Reactions: Thank You! 1


----------



## JerseyHighlander (Jun 16, 2022)

Very cool! I was going to say; "that must have been a challenge to turn" but then, you had a window to use to see what was going on inside... Somehow I'm thinking it was still a challenge.

Reactions: Like 1 | Agree 1


----------



## barry richardson (Jun 16, 2022)

Great looking piece Steve! I really like the form. What hollowing tool did you use?

Reactions: Like 1


----------



## duncsuss (Jun 16, 2022)

Very tasty indeed

Reactions: Thank You! 1


----------



## trc65 (Jun 16, 2022)

Great form, finish and piece of wood! I really like the very slight angle you created at the top!  it's a subtle accent that adds a lot to the piece.

Reactions: Thank You! 1


----------



## Steve in VA (Jun 17, 2022)

JerseyHighlander said:


> Very cool! I was going to say; "that must have been a challenge to turn" but then, you had a window to use to see what was going on inside... Somehow I'm thinking it was still a challenge.



The ejection port certainly makes it a little faster! Thanks Kyle!

Reactions: Funny 1


----------



## Steve in VA (Jun 17, 2022)

barry richardson said:


> Great looking piece Steve! I really like the form. What hollowing tool did you use?



Thanks Barry! I have a set of John Jordan tools, which I love 2/3 of. The longer, larger radius hook tool (I believe his #2) gives me fits and I cannot figure it out for the life of me. Unfortunately it's so frustrating that I've stopped using it. If you, or anyone else, is familiar with it and have any tips, I'll love to chat about it.

Reactions: Like 1


----------



## Barb (Jun 17, 2022)

That's a beautiful piece!

Reactions: Thank You! 1


----------



## barry richardson (Jun 17, 2022)

Steve in VA said:


> Thanks Barry! I have a set of John Jordan tools, which I love 2/3 of. The longer, larger radius hook tool (I believe his #2) gives me fits and I cannot figure it out for the life of me. Unfortunately it's so frustrating that I've stopped using it. If you, or anyone else, is familiar with it and have any tips, I'll love to chat about it.

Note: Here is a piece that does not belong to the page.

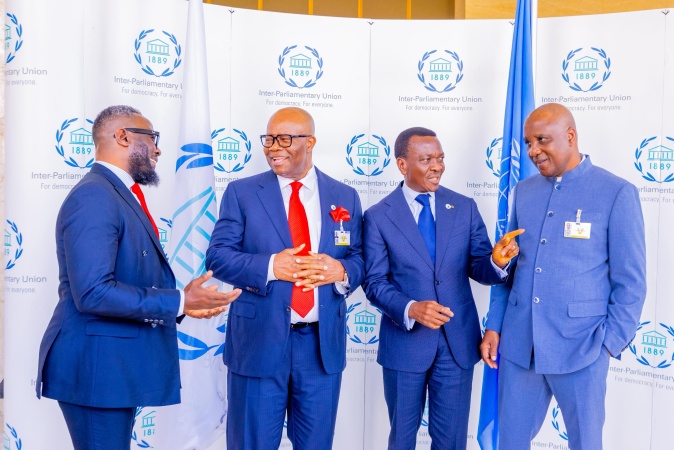 Akpabio?s triumph in Geneva lights the global stage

Im thinking about getting a hollowing tool that I can use on smaller openings, those look like they would do the trick. Are the shanks on the cutter round? would hate to have to buy replacement cutters from him, since HSS square stock is so cheap by comparison, would they accommodate a square shank?


----------



## jasonb (Jun 17, 2022)

Steve in VA said:


> Thanks Barry! I have a set of John Jordan tools, which I love 2/3 of. The longer, larger radius hook tool (I believe his #2) gives me fits and I cannot figure it out for the life of me. Unfortunately it's so frustrating that I've stopped using it. If you, or anyone else, is familiar with it and have any tips, I'll love to chat about it.


I like my John Jordan tools. Haven't had any issues with larger radius tool. I typically only use them in a Jamieson style rig.


----------



## Sataro (Jun 17, 2022)

Wow! Fantastic looking piece!

Reactions: Thank You! 1


----------



## Steve in VA (Jun 17, 2022)

barry richardson said:


> Im thinking about getting a hollowing tool that I can use on smaller openings, those look like they would do the trick. Are the shanks on the cutter round? would hate to have to buy replacement cutters from him, since HSS square stock is so cheap by comparison, would they accommodate a square shank?



The cutters are only $5 - $6 each. The hook tools do use a round shank whereas his straight tools use the square stock. Here's a picture of them from his site. I have nothing to compare to, but you might want to check out Trent Bosch as well. He has 1/2", 5/8", 3/4", and 1" tools with both HSS cutters and carbide cutters. I understand he is about to start selling them in the 3/8" size as well.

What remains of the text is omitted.